#### Exercise requirements:
Below are the records; extract from them the line containing "杜絕掉鏈子，體征監(ji" to the line containing "Ganganalyse in der Praxis", both lines included, exactly and with no pictures.

Dataset records:

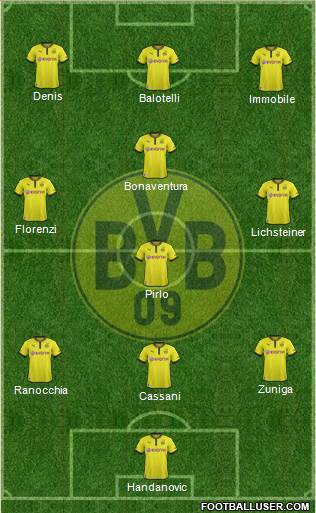 Borussia Dortmund Formation 2013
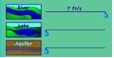 Groundwater speed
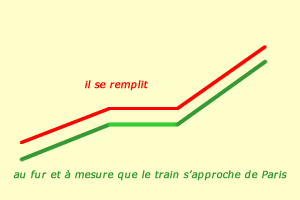 pronom personnel sujet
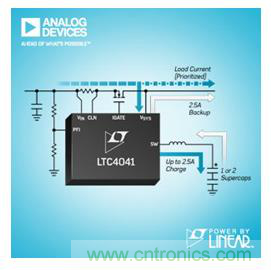 杜絕掉鏈子，體征監(jiān)測可穿戴設備&ldquo;不斷電&rdquo;背后的秘密
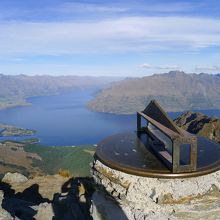 山頂からの風景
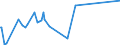 KN 54050000 /Exporte /Einheit = Preise (Euro/Tonne) /Partnerland: Algerien /Meldeland: Europäische Union /54050000:Monofile, KÃ¼nstlich, von >= 67 Dtex und Einem GrÃ¶ÃŸten Durchmesser von <= 1 mm; Streifen und Dergl. `z.b. KÃ¼nstliches Stroh` aus KÃ¼nstlicher Spinnmasse, mit Einer Augenscheinlichen Breite von <= 5 Mm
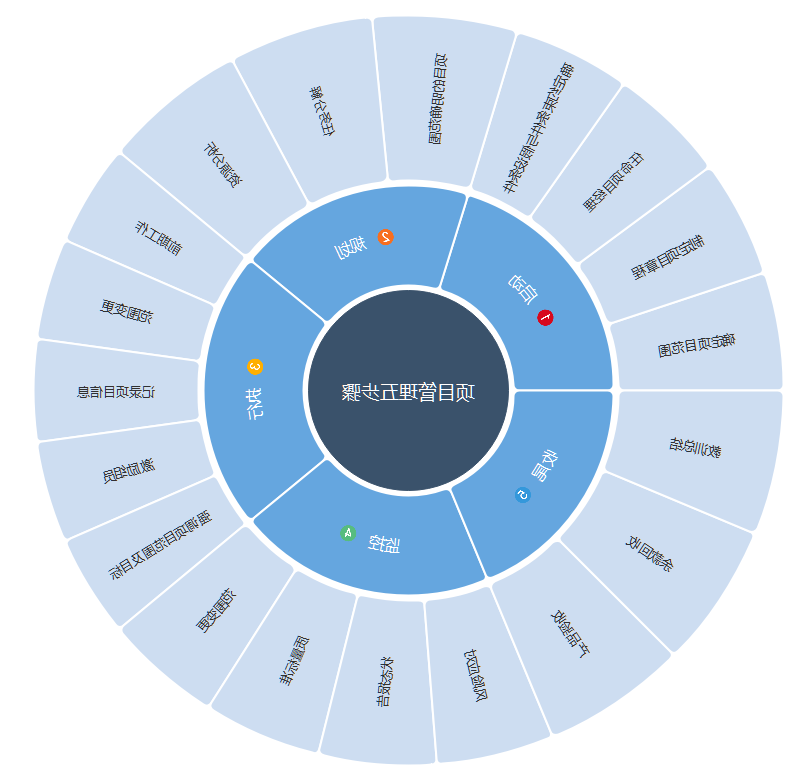 圆弧放射图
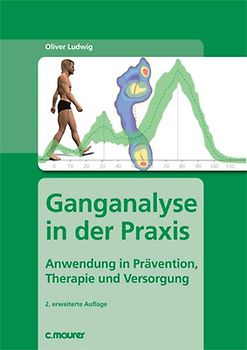 Ganganalyse in der Praxis
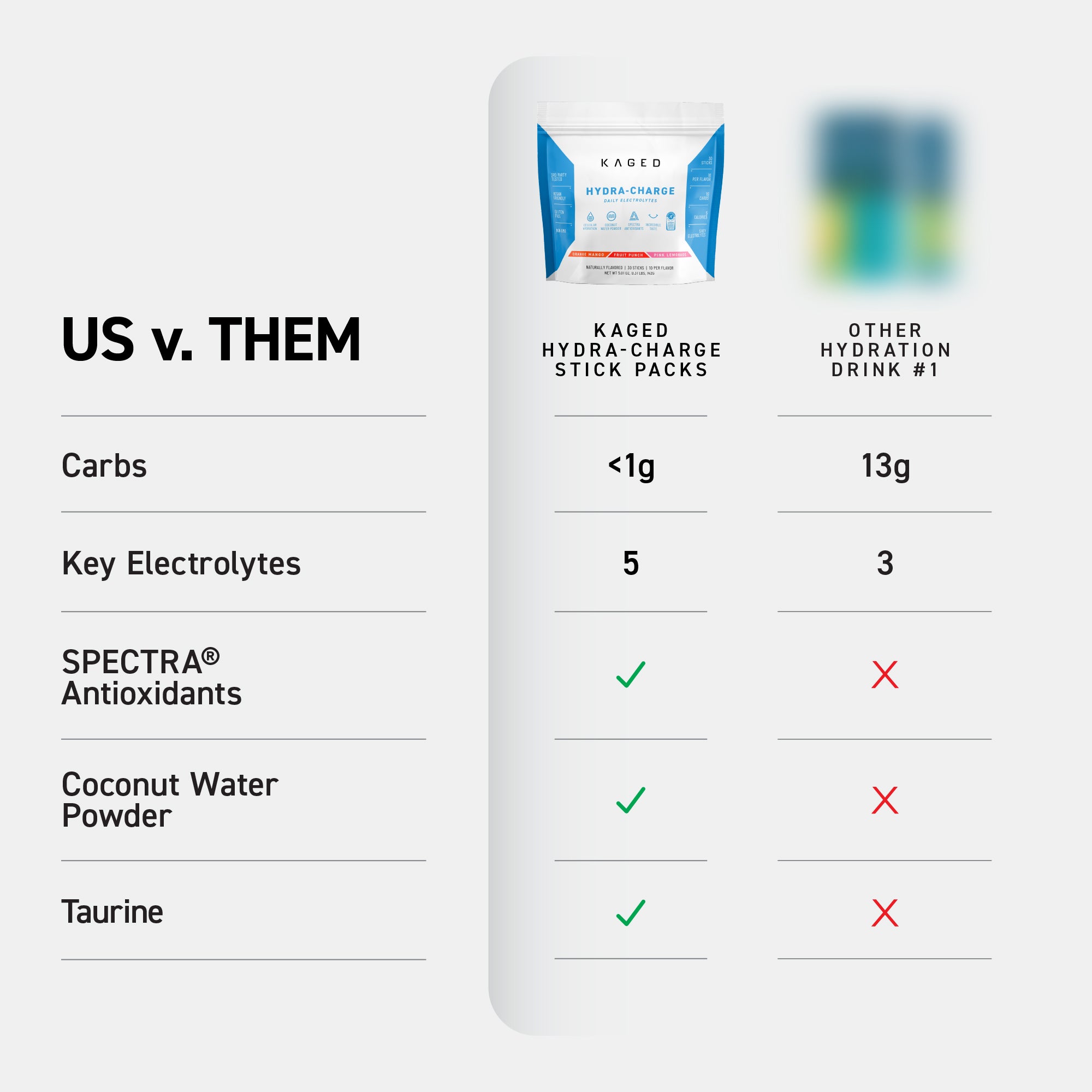 Hydration (Hydra-Charge) Stick Pack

#### Exercise answer:
 杜絕掉鏈子，體征監(jiān)測可穿戴設備&ldquo;不斷電&rdquo;背后的秘密
 山頂からの風景
 KN 54050000 /Exporte /Einheit = Preise (Euro/Tonne) /Partnerland: Algerien /Meldeland: Europäische Union /54050000:Monofile, KÃ¼nstlich, von >= 67 Dtex und Einem GrÃ¶ÃŸten Durchmesser von <= 1 mm; Streifen und Dergl. `z.b. KÃ¼nstliches Stroh` aus KÃ¼nstlicher Spinnmasse, mit Einer Augenscheinlichen Breite von <= 5 Mm
 圆弧放射图
 Ganganalyse in der Praxis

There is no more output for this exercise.